Gabigol não é o primeiro e não será o último a ser pego por essa falsa guarda da moral. Essas figuras são construídas como representações da excepcionalidade humana, às vezes criando padrões inatingíveis, irreais, e quando falham em atingir esses padrões eles são consumidos e destruídos. E tem essas falhas também espetacularizadas, mas dessa vez como um show de punição pública onde todos nós somos juiz e júri. No caso do futebol, sejam oscilações em campo ou na vida fora dele, e Gabigol há quase dois anos vive ambas as situações ,por isso, sem chance de recuperação, será destruído e substituído literal e simbolicamente.
Concluindo, o ídolo não é somente fruto de uma relação altruísta entre ele e o torcedor. Portanto, sua queda dificilmente poderá ser individualizada nele próprio, pelo contrário, ela é uma tendência e um sintoma do nosso atual modo de vida e seus ciclos. inclusive, as histórias de ascensão e queda fazem parte do repertório de espetáculo, e essa queda pode estar relacionada a dinâmicas que o próprio mundo impõe no sujeito em questão. Essas figuras só são destruídas porque em algum momento são construídas como extra-terrestres e representantes idealistas de habilidades humanas, sendo colocados também sobre pressão para não cometer erros. Não os vemos como homens, mas como heróis abstratos que nunca se traduzem na realidade e quando essa nos confronta, a tendência é a busca por um novo mito, que é também a nova galinha de ovos de ouro do mercado, e o ciclo se repete. Gabigol nos dará adeus em dezembro, mas não vai ser o último homem tratado como máquina de produção e responsável por carregar em si o peso dos desejos e ideais de milhões de pessoas, nesse caso, Flamenguistas.

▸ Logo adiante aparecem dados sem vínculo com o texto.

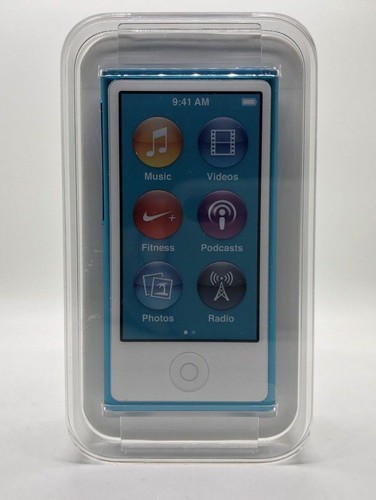 Apple iPod Nano 7. Generación 7G 16GB -diverse Colores- Nuevo Lacrado Sealed - Imagen 9 de 14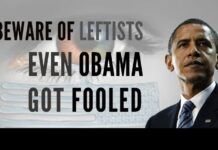 How Obama got fooled by the Leftists in the USA and why it is imperative for Biden to move to the center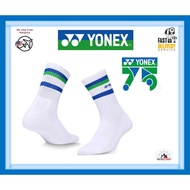 stock75 Anniversary Yonex Yux Badminton Socks 145111 Thick Towel Bottom 75 anniversary yonex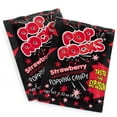 thumbnail image 2 of Pop Rocks Strawberry Hard BCF26 Candy, 0.33 oz., 24 Pieces (209-00231), 2 of 3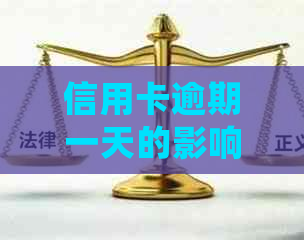 信用卡逾期一天的影响与解决办法：详细分析与应对策略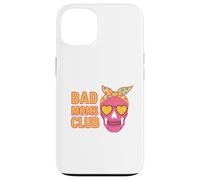 Bad Moms Club Skull Funny Saying Mothers Day Case for iPhone 13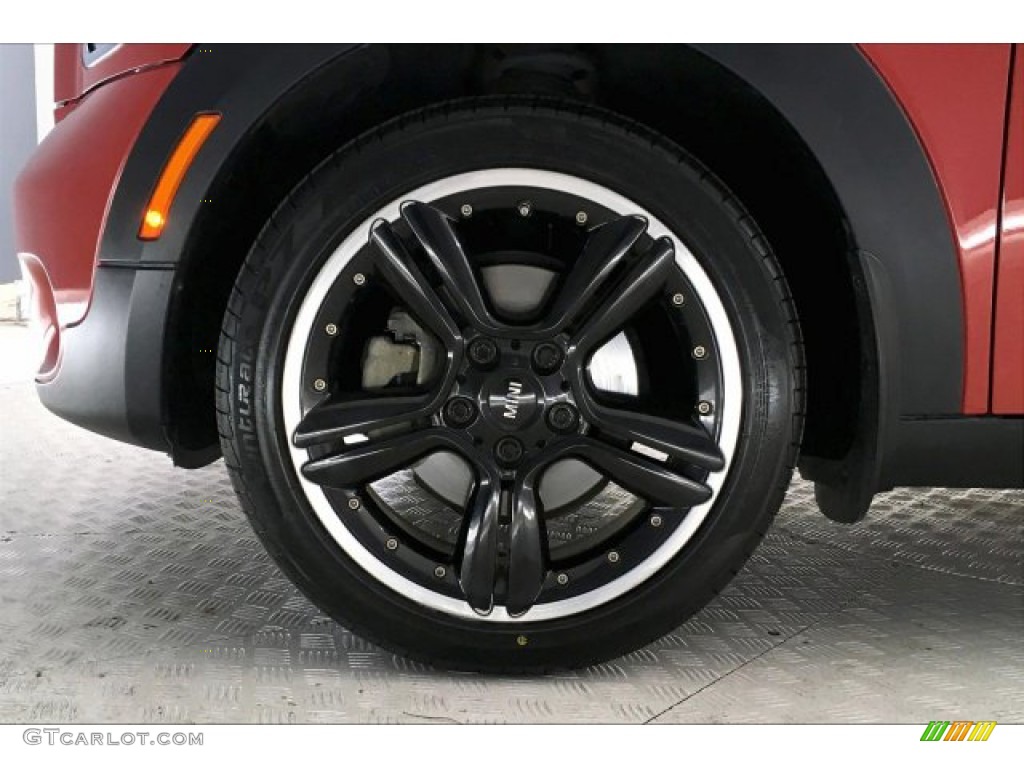 2014 Cooper Countryman - Blazing Red Metallic / Carbon Black photo #8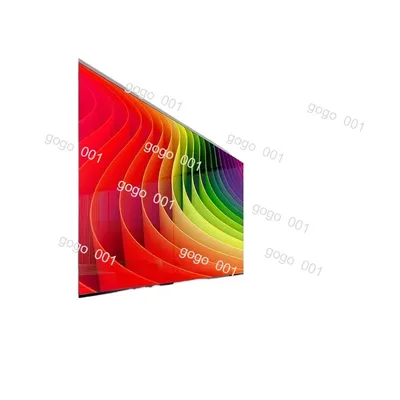 Borderless Full Screen 100inch TV WIFI 75-inch Far-field Voice 65-inch HD 4K LCD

Ficam para sempre, as memórias dos feitos de Gabriel e as emoções causadas, que foram genuínas. Eu era um dos adolescentes fazendo enlouquecidamente o muque na frente de uma televisão naquela final em 2019 enquanto as lágrimas escorriam. Gabigol foi um homem de feitos extraordinários vestindo vermelho e preto, é assim que quero lembrar.